About Gouverneur Bancorp, Inc.

Gouverneur Bancorp, Inc. is the holding company for Gouverneur Savings and Loan Association, which is a New York chartered savings and loan association founded in 1892 that offers deposit and loan services for businesses, families and individuals. At June 30, 2025, Gouverneur Bancorp, Inc. had total assets of $196.7 million, total deposits of $159.4 million and total stockholders’ equity of $31.4 million.
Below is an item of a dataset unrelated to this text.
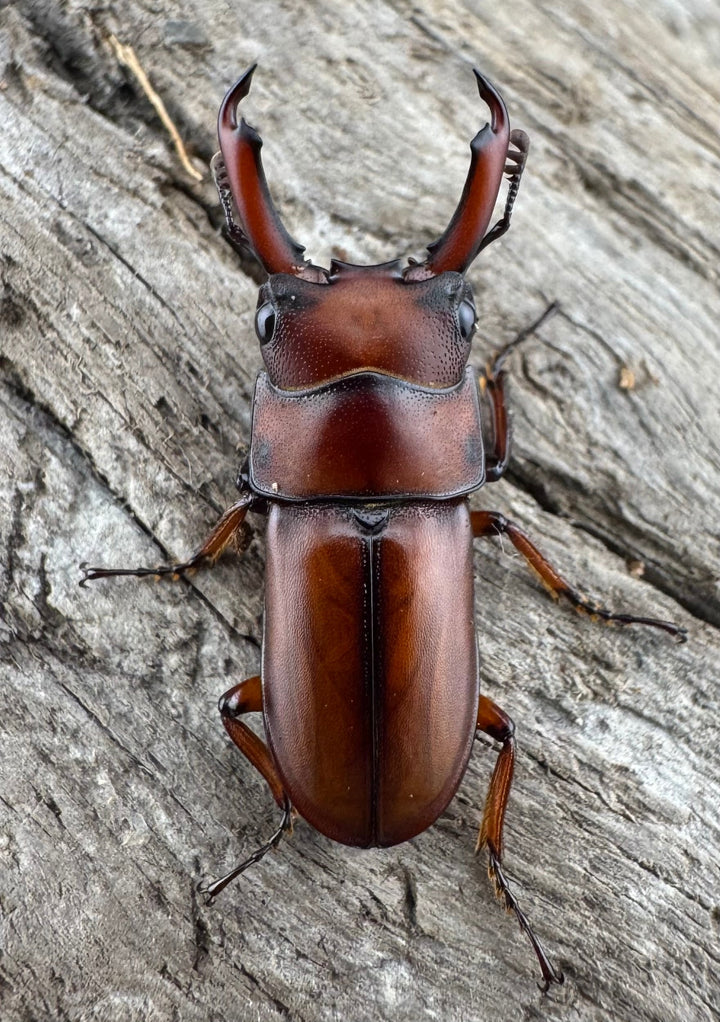 【WD】《プセウダクシスコクワ 21mm ペア》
Forward-Looking Statements

This press release may contain forward-looking statements, which can be identified by the use of words such as “believes,” “expects,” “anticipates,” “estimates” or similar expressions. Such forward-looking statements and all other statements that are not historic facts are subject to risks and uncertainties which could cause actual results to differ materially from those currently anticipated due to a number of factors. These factors include, among others, the following: changes in interest rates; national and regional economic conditions; legislative and regulatory changes; monetary and fiscal policies of the U.S. government, including policies of the U.S. Treasury and the Federal Reserve Board; the impacts of tariffs, sanctions and other trade policies of the United States and its global trading counterparts; the size, quality and composition of the loan or investment portfolios; demand for loan products; deposit flows and our ability to effectively manage liquidity; competition; demand for financial services in our market area; changes in real estate market values in our market area; changes in relevant accounting principles and guidelines; our ability to attract and retain key employees; our ability to maintain the security of our data processing and information technology systems; and that the Company may not be successful in the implementation of its business strategy. Additionally, other risks and uncertainties are described in the Company’s Annual Report on Form 10-K for the year ended September 30, 2024 and other reports the Company files with the SEC, which are available through the SEC’s EDGAR website located at www.sec.gov. These risks and uncertainties should be considered in evaluating forward-looking statements and undue reliance should not be placed on such statements. Should one or more of these risks materialize, actual results may vary from those anticipated, estimated or projected.

Readers are cautioned not to place undue reliance on these forward-looking statements, which speak only as of the date of this press release. Except as may be required by applicable law or regulation, the Company and the Bank assume no obligation to update any forward-looking statements.